En el mes de abril del año que acaba de morir, una noticia increíble se difundió vertiginosamente por las redes antes de que los medios tradicionales pudieran reaccionar, y en un santiamén el mundo entero tuvo ante sus ojos la evidencia del desastre: un incendio se había declarado en Notre Dame, y aunque sus muros de piedra resistían, su techumbre ardía como solo puede arder la leña seca. Paralizados por el asombro y el dolor, millones de personas alrededor del planeta no sabían qué hacer ni cómo reaccionar; pero no tardaron en circular también las noticias de las donaciones para reconstruir el incomparable monumento. Coleccionistas millonarios, fundaciones, institutos y toda una serie de entidades y gobiernos comprometían sumas sorprendentes y demostraron que, a pesar de todo el pragmatismo materialista que nos corroe, todavía existen quienes son capaces de valorar los tesoros de la cultura humana.

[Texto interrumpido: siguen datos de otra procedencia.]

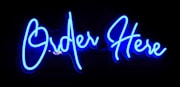 A blue neon sign that says order here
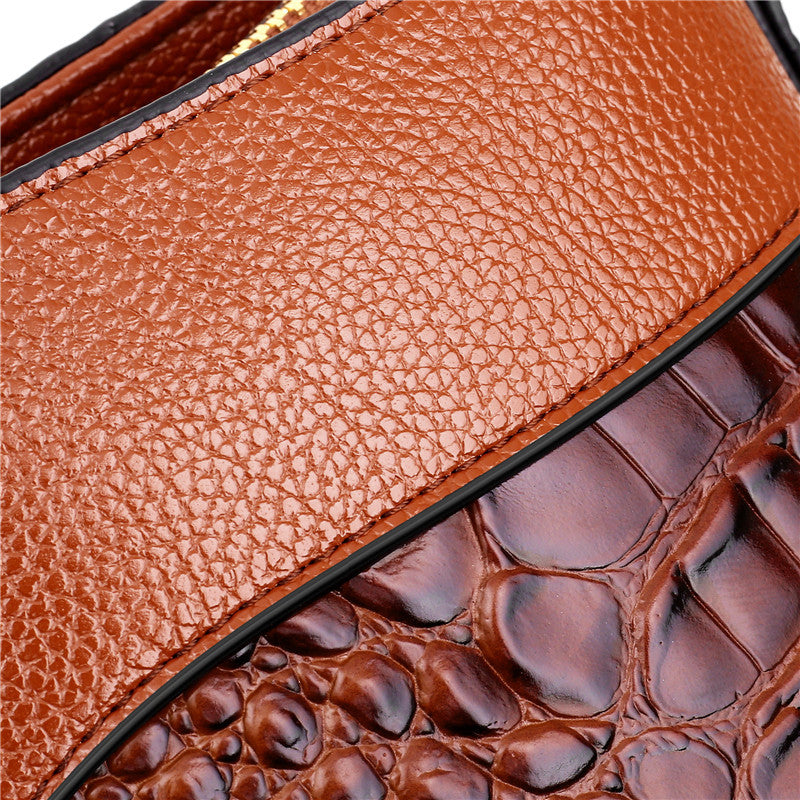 Braune Ledertasche mit Krokodilprägung, luxuriöses Design, hochwertige Handtasche.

En pocas horas, el gobierno francés ya contaba con los recursos necesarios para la indispensable reconstrucción de la bellísima cubierta de madera de aquella antigua catedral.
Todo esto me fue recordado en estos días por mi hijo Miguel, quien ha heredado de su madre una sensibilidad solo comparable a su envidiable talento. No pude, sin embargo, recordar la cifra de los recursos recaudados en aquella jornada inolvidable, pero sabía que era una cifra que superaba con mucho el monto de nuestro déficit fiscal. Pero inmediatamente mi hijo me preguntó cuántos millones se han recaudado para combatir los incendios en Australia, y me quedé mudo. Si fue grande la sorpresa por la capacidad de reaccionar ante la pérdida de un monumento histórico que está colmado de arte, más grande todavía es la sorpresa que causa la indiferencia con que el mundo ha leído o escuchado en los medios las noticias de otro desastre que durante nada menos que tres meses ha devorado miles de hectáreas de bosques y ha llevado a la muerte a millones de animales, sin contar aves ni insectos.
Alguien me dirá que no son situaciones comparables, y me adelantaré a contestar que estoy de acuerdo: no lo son. Por un lado, es una cosa material que, si bien se encuentra cargada de historia y arte magistral, no deja de ser una cosa; por otro lado, es la vida, nada más y nada menos que la vida. No solo la vida de bosques y animales, sino la vida de nuestra especie, de cuya estupidez me quedan cada vez menos dudas. Bien estuvo que se juntaran todos los esfuerzos para salvar a Notre Dame; pero aquellos esfuerzos se tornan injurioso cuando estamos presenciando la tragedia australiana, ante la cual solo hay una infinita ceguera. La célebre anécdota del artista que apuesta por la vida de un gato contra la conservación de la Gioconda, viene necesariamente a la memoria, y viene de un modo dramático que nos pone brutalmente ante los ojos el dilema entre el arte y la vida. Llevado a una situación límite, yo apuesto por la vida.